In this study, we evaluated four commonly used UA potential models for n-alkanes in MD simulations (OPLS, TraPPE, NERD, and SKS) and introduced a hybrid model (SKS-5). Based on the hybrid model, we explored the vaporization and phase transition characteristics of n-alkane blended fuels under a wide range of ambient conditions. The main conclusions are summarized as follows:

  • The hybrid potential model, SKS-5, which combines the original SKS model and the five-parameter torsion sub-model, showed overall good accuracy in predicting the thermodynamic and transport properties of long-chain n-alkanes (C7–C12).

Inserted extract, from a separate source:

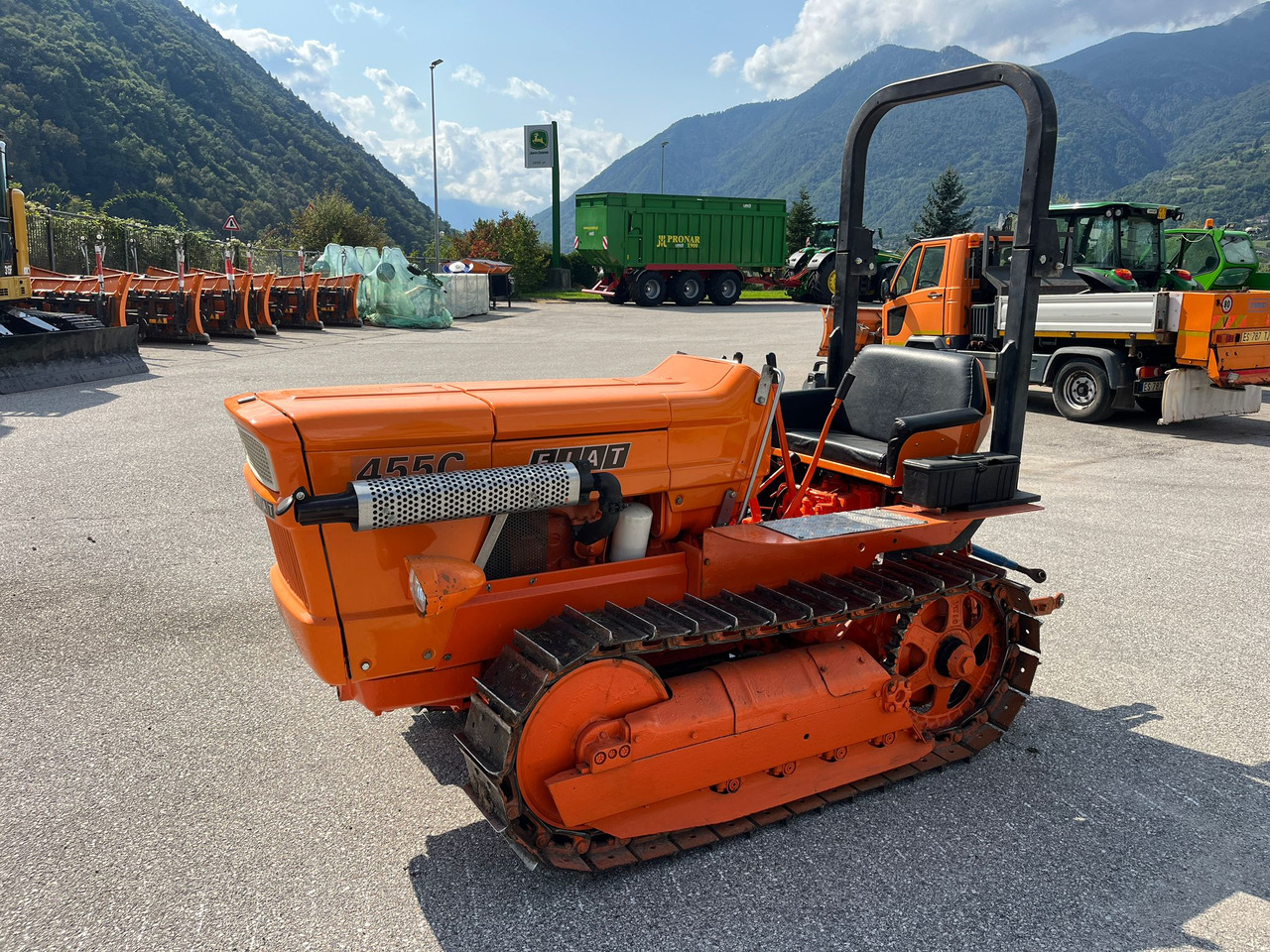 FIAT 455C SUPER - Traktor: das Bild 2 FIAT 455C SUPER - Traktor: das Bild 2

  • Higher ambient temperature led to a higher evaporation rate and a shorter lifetime, as expected, while the effect of the ambient pressure was much more complicated. When the ambient pressure was increased from 10 to 30 bars, the lifetime was reduced due to the enhanced evaporation rate; however, further increasing the pressure led to a longer lifetime. The effect of fuel composition on the evaporation characteristics became weaker as the ambient pressure increased.

  • In subcritical environments, a sharp gas–liquid interface with a high density gradient persisted throughout the evaporation process. The fuel composition had little influence on the interfacial properties (e.g., interface thickness). The vaporization belonged to typical two-phase evaporation. For blended fuels, the preferential vaporization of the light-end component was obvious, and the evaporation rate of the heavy-end component reached a peak after the light-end component was totally consumed.

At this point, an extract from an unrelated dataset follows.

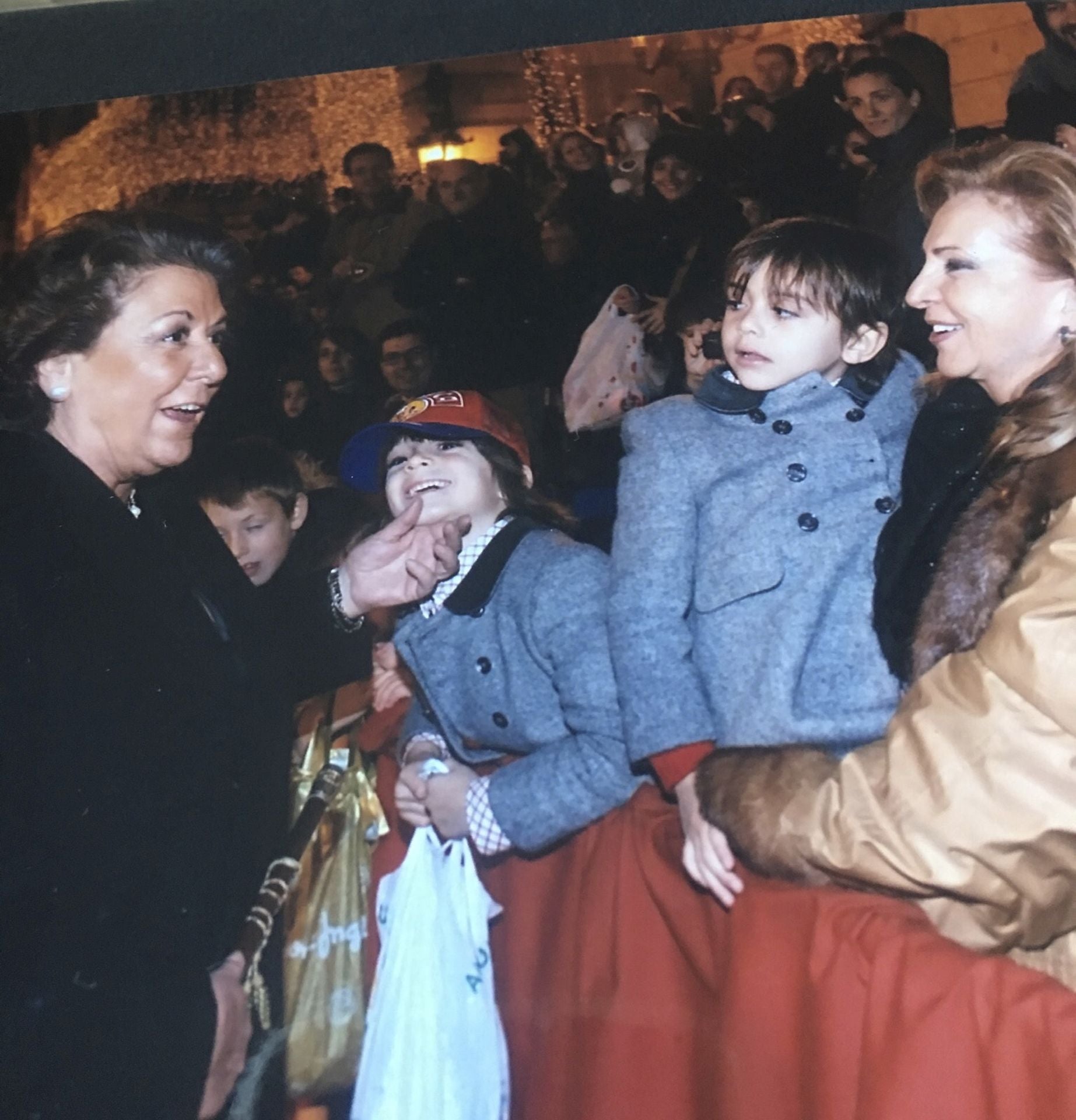 Con sus nietos, saludando a Rita Barberá. «Los quería mucho».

  • Under supercritical conditions, the gas–liquid interface still existed before the supercritical transition. After the transition, the interface dissolved rapidly in association with increased interface thickness and finally disappeared. Evaporation in this case belonged to diffusion-dominated vaporization. The evaporation rates for both the light- and heavy-end components increased simultaneously, and both components coexisted throughout the evaporation process.

  • A new supercritical transition criterion based on the maximum potential energy and evaporation rate was proposed. Based on this new criterion, the dimensionless transition time, which reflects the proportion of the sub/supercritical stage within the lifetime, was found to be nearly independent of the ambient temperature and fuel composition; instead, it mainly varied with the ambient pressure. Finally, a formula was obtained by curve-fitting to describe the variation in the dimensionless transition time with ambient pressure.

This work was supported by the National Natural Science Foundation of China (Grant No. 52106154) and the Natural Science Foundation of Jiangsu Province, China (Grant No. BK20190855).

The authors have no conflicts to disclose.

The data that support the findings of this study are available from the corresponding authors upon reasonable request.